In­fol­ge­des­sen war der Se­nat zu der Über­zeug ge­langt, dass die von der Kläge­rin vor­ge­tra­ge­nen Gründe keine zwin­gen­den Gründe dar­stell­ten, die eine Selbst­nut­zung zu ei­ge­nen Wohn­zwe­cken ent­behr­lich mach­ten. Folgt man der An­sicht des FG Müns­ter schei­terte die Gewährung der Steu­er­be­frei­ung be­reits daran, dass die psy­chi­schen Pro­bleme der Kläge­rin eine ei­gene Haus­haltsführung nicht schlecht­hin aus­ge­schlos­sen ha­ben, son­dern nur in dem kon­kre­ten, im Nach­lass be­find­li­chen Fa­mi­li­en­heim. Für diese Auf­fas­sung sprächen nicht nur die in der Ge­set­zes­begründung ge­nann­ten Bei­spiele, son­dern auch die dar­aus fol­gende "Ob­jek­ti­vier­bar­keit" der Gründe, die eine Haus­haltsführung aus­schließen. Im Er­geb­nis konnte dies je­doch of­fen blei­ben. Denn auch für den Fall, dass die zwin­gen­den ob­jek­ti­ven Gründe ob­jekt­be­zo­gen zu prüfen wären, war die Klage ab­zu­wei­sen. Denn der Se­nat ver­mochte nicht fest­zu­stel­len, dass der Kläge­rin das selbständige Führen ih­res Haus­hal­tes in dem Fa­mi­li­en­heim auf­grund ih­rer psy­chi­schen Pro­bleme unmöglich war.

Die Ent­schei­dung der Kläge­rin, auf­grund ih­rer dra­ma­ti­schen und - wohl auch trau­ma­ti­schen - Er­leb­nisse ihr Fa­mi­li­en­heim auf­zu­ge­ben und wo­an­ders "neu" an­zu­fan­gen zeigte schließlich, dass sie die dem § 13 Abs. 1 Nr. 4b ErbStG zu­grunde lie­gende "ge­genständ­li­che räum­li­che" Bin­dung an den früheren ge­mein­sa­men fa­miliären Le­bens­raum auf­ge­ge­ben hatte.

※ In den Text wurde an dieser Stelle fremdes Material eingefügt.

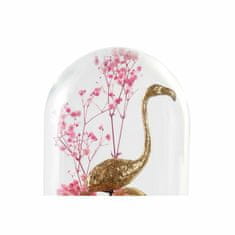 DKD Home Decor Dekorativna slika DKD Home Decor Črna roza Zlati flamingo 14 x 14 x 32 cm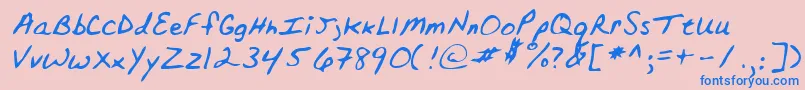 Lehn152 Font – Blue Fonts on Pink Background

Un­ter Berück­sich­ti­gung des Sinns und Zwecks der Vor­schrift - nämlich durch eine Steu­er­be­frei­ung dem Er­wer­ber zu ermögli­chen, sein Fa­mi­li­en­heim bei­zu­be­hal­ten - be­durfte die Kläge­rin in­so­fern nicht der gel­tend ge­mach­ten Steu­er­begüns­ti­gung.